Sorry for the snide tone of that link, not my intention 🙂
🤣 1
m
all good!
b
Also worth noting that fileGetMimeType() can take a file object or a file path (which can be a URL) as its argument. So if you just do something like
fileGetMimeType(form.file)
this can lead to Server Side Request Forgery vulnerabilities and other potential attacks. So you'll probably want to validate that the user is passing in a file object and not a file path
👍 1
a
Don't forget to include something like a csrftoken in your
POST
request as well so you can stop man in the middle attacks etc.
z
FileGetMimeType isn't very coughs through. Lucee only bundles core Tika, so it's not doing that much
IsImage etc are better
m
@zackster thanks for that - will run that for the image files
@aliaspooryorik thanks for that tip - these files will actually be coming in via SMS or Email - so they'll be getting retrieved from a third party (Dialpad for SMS, and Postmark for email)
👍 1
@zackster other than isimagefile, what other verification tags are there for Lucee?
looks like ACF has ispdffile and isspreadsheetfile
b
I'm not sure what the purpose of renaming the file is, so long as it's in a web-inaccessible folder.
@foundeo has some attachment scanning capabilities built into fuseguard if I recall too
f
also something to consider… if you are uploading to s3, you can have the client directly upload to s3 using a signed url
2
👍 1
then the file never touches your CF server
you can even create a policy that only allows certain file extensions and sizes
m
@foundeo better to bypass the CF server entirely?

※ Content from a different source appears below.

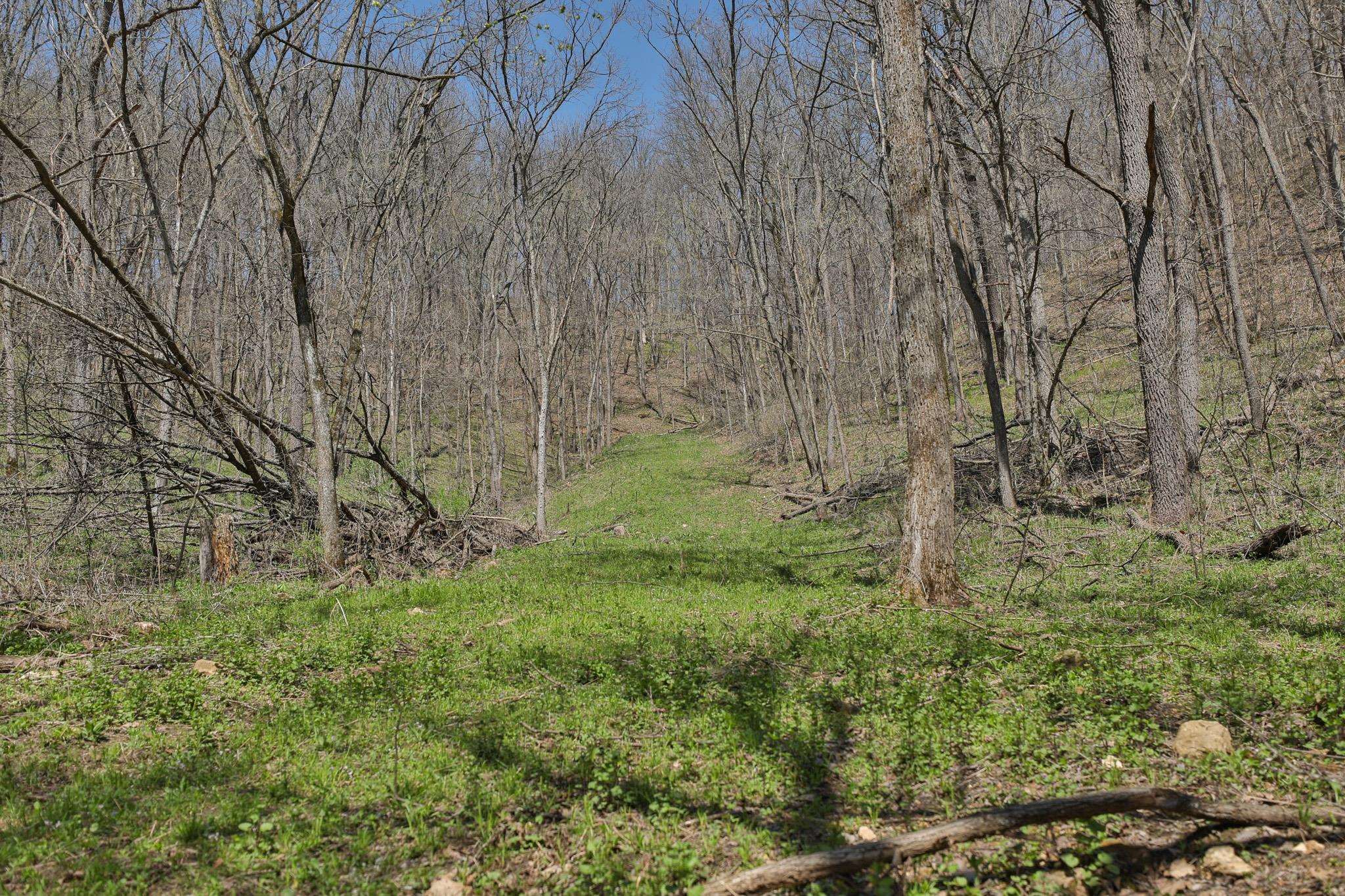 17658 Forest Muscoda, WI 53573 - Photo 22 of 50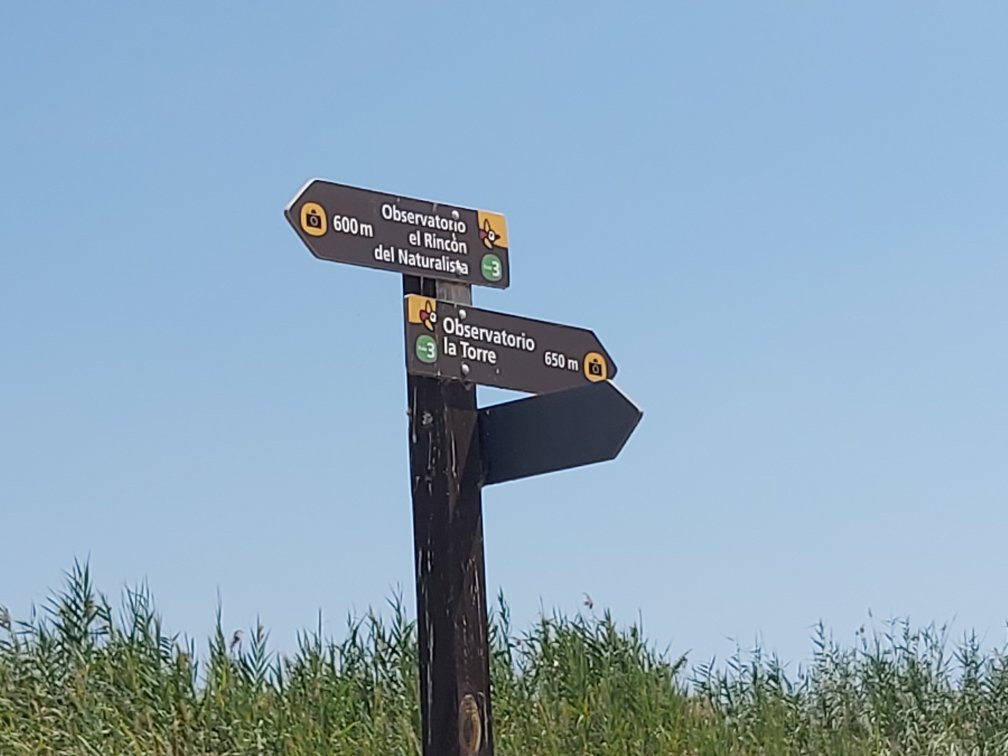 Parque Natural el Hondo-Crevillente必去景点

Didn't think i'd be able to check the contents of the file as easily if it were on S3
and while S3 could check the extension, I didn't think that would be reliable enough
b
The s3sdk does by the way-- you can create signed PUT URLs.
f
depends what risk you are worried about
are you worried about end users downloading the file, or are you worried about someone uploading something executable on the server?
m
both 😀
f
for the first risk, you still would want to do some scanning I would think… for the second risk, uploading directly to s3 completely eliminates it
yeah s3sdk would be a good way to go, if you are curious how it works this is some old code that probably doesn’t work anymore (due to updated signature versions) but the general idea is the same: https://www.petefreitag.com/item/833.cfm
m
true - so maybe I work out a flow where it goes to a temp directory in s3, scanning happens there, and then it gets moved to it's final s3 location if all good
f
yup, or your app just doesn’t let anyone download the file until it has been scanned
m
thanks!
breaking it down to the two risk types was helpful/clarifying
👍 1
a
Also worth disconnecting your servers from the internet to be sure
💡 2
🤣 1
m
@aliaspooryorik hahahaha - I should have thought of that - 🤯 brillaint
z
Wrap your server in industrial grade magnets
😂 1
m
and bubble wrap, of course
b
z
But we're all fine with downloading from forgebox aren't we....

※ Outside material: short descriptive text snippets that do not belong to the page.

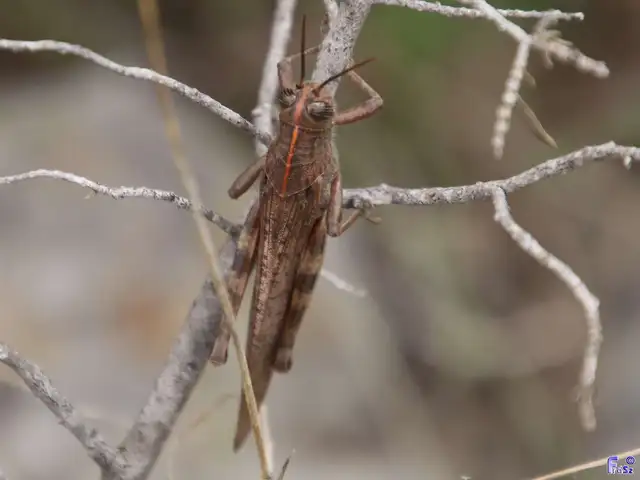 Anacridium aegyptium - egyiptomi sáska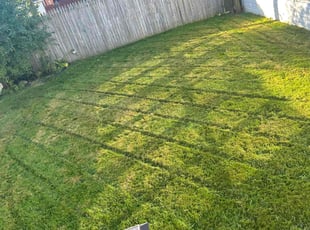 Lazar H.'s Lawn Service service result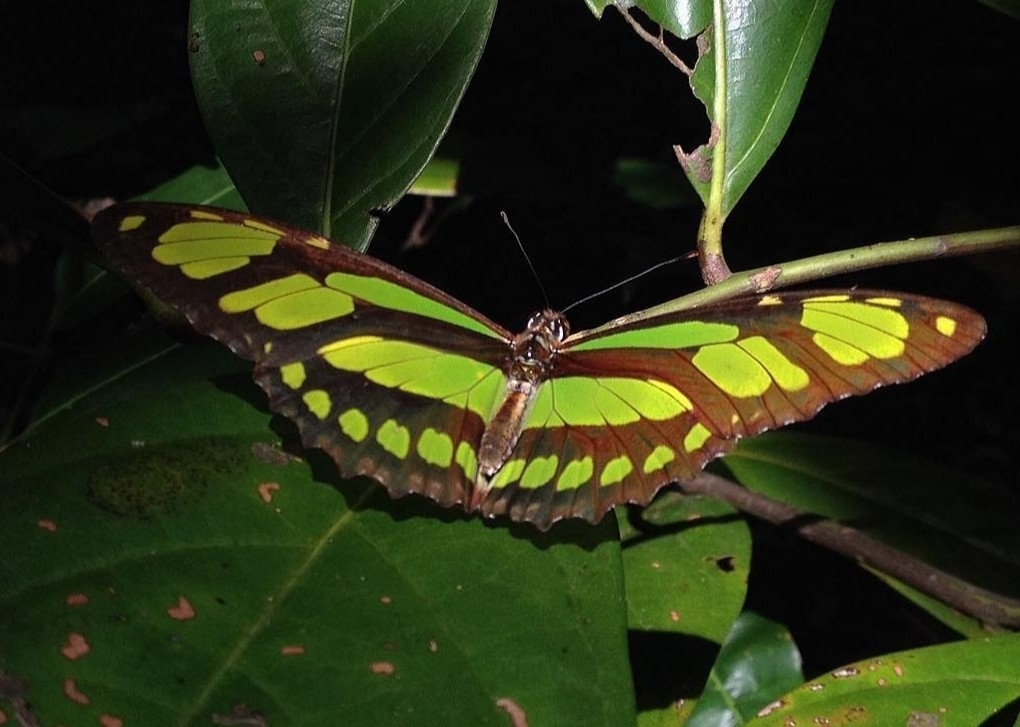 Philaethria pygmalion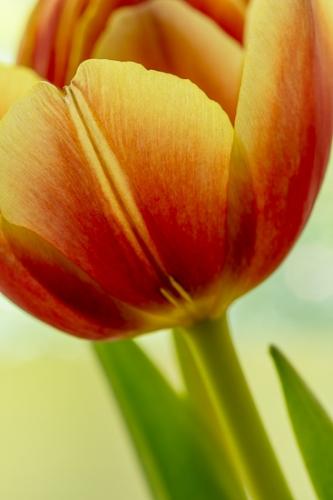 Abstract;Bloom;Blossom;Blossoms;Bud;Calm;Close-up;Floral;Floweret;Flowering;Flowers;Flowers & Plants;Healing;Health care;Healthcare;Macro;Minimalism;Nature;Pastoral;Petal;Yellow;bloom;flora;floral;flower;green;oneness;orange;peaceful;red;restful;serene;soothing;tranquil;tulip;zen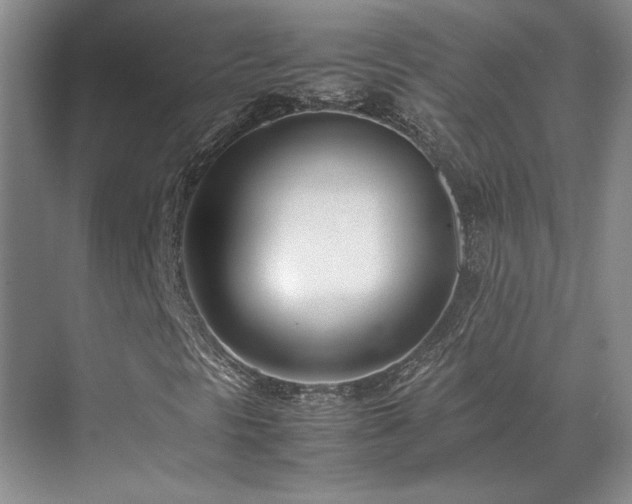 X0000071811297200606301216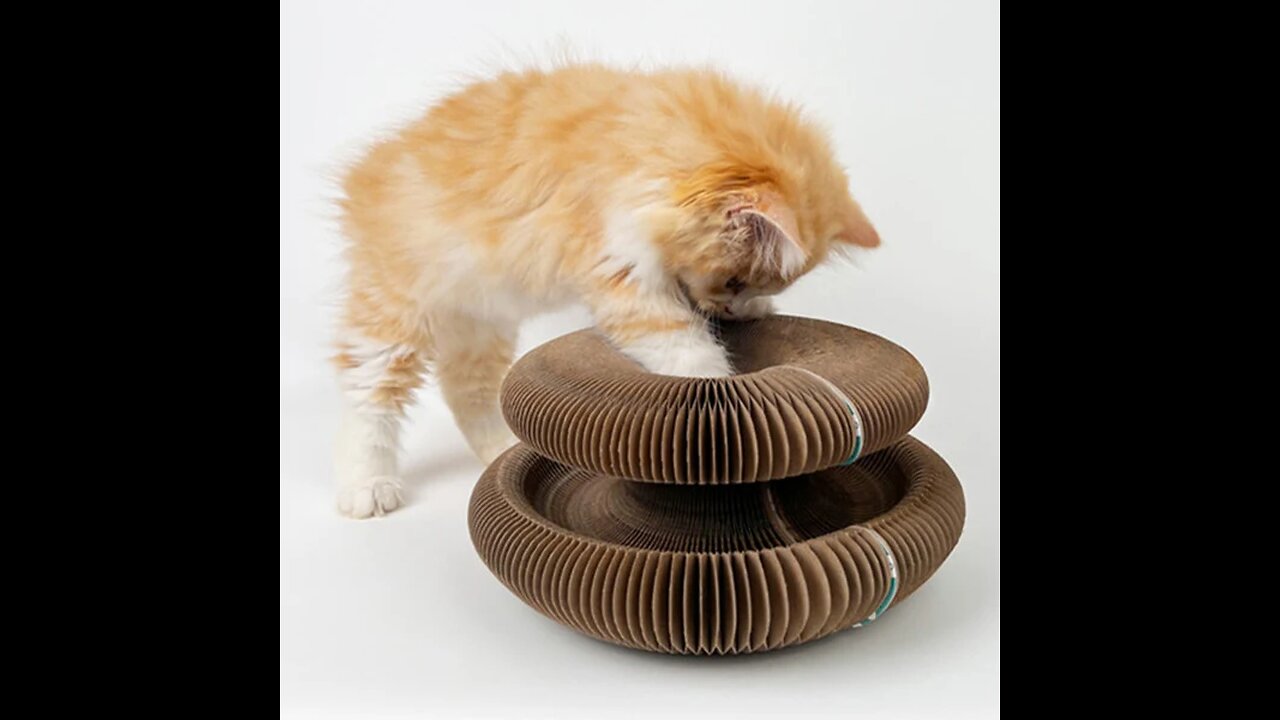 Portable Transformable Cat Scratcher with Multiple Shapes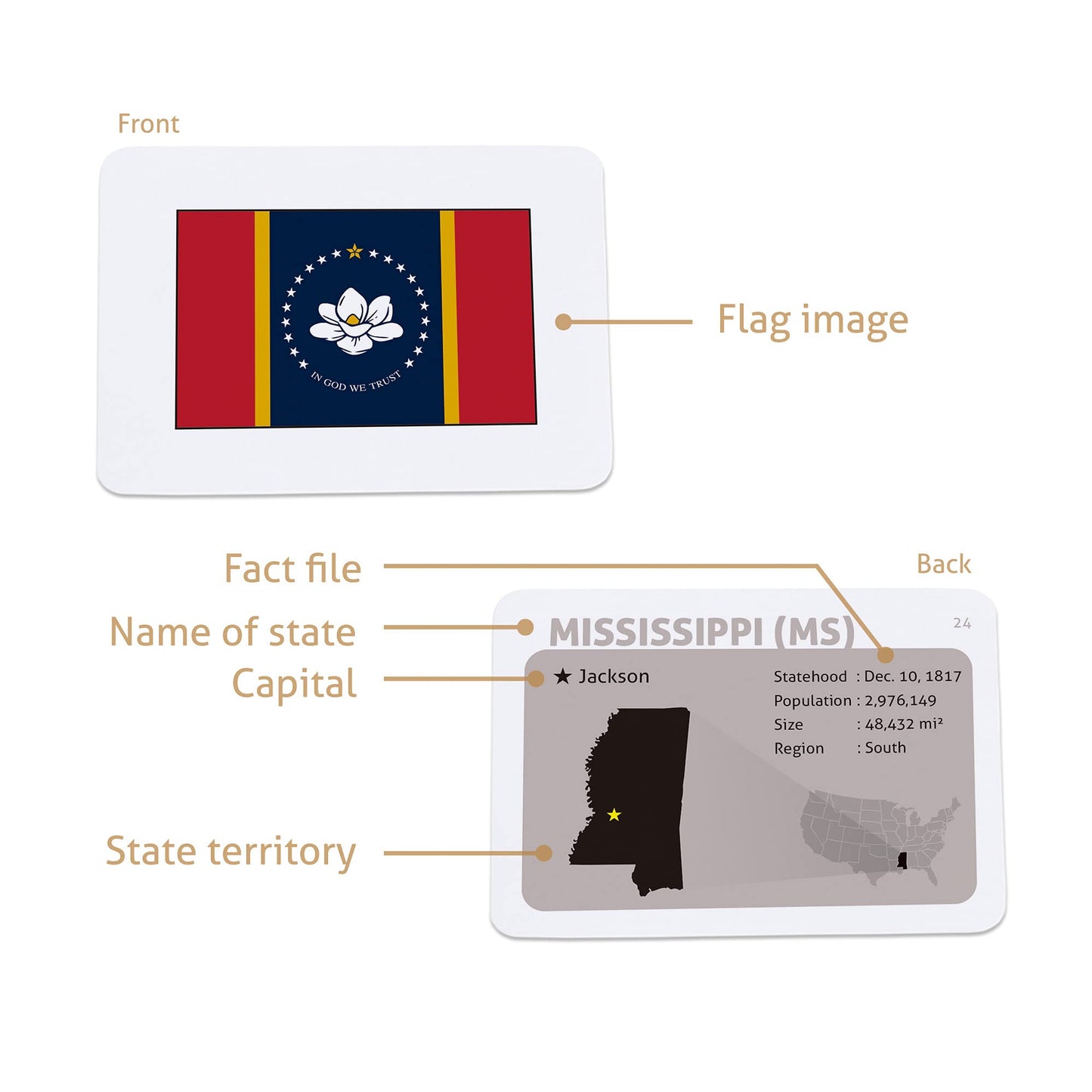 CARDDIA | U.S. State Flags Flashcards | 50 States with Names, Abbreviations, Capitals & Facts | Educational & Durable | Geography Learning Tools for Kids & Adults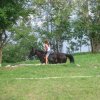 mif_2009_033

I just sold my admin plugins to Avast!
e
Trust nothing, all things are bad, designed by hackers to take your things. For real security, you should go back to stone tablets, armed guards, and pure old-school encryption using a decoder ring found inside a crackerjack box. Once someone submits the proper credentials at gunpoint with a 2-ton stone block, you can move it to a facility that will decode it using the blessed decoder ring. The person in question will be detained until such time the message can be decrypted, its source verified and proper background checks performed for the last 20 years on all the persons' movements, contacts, and expenditures. If everything checks out, you can then accept the request for the cookie for the browser session using a password-protected time sensitive armed, and escorted courier to the interested third party. If they fail to respond properly or in time then carpet bomb a 10KM area around the requestor and detain any survivors for questioning. It's a tough world out there, and it's time to get tough on bad browser requests and potential hackers.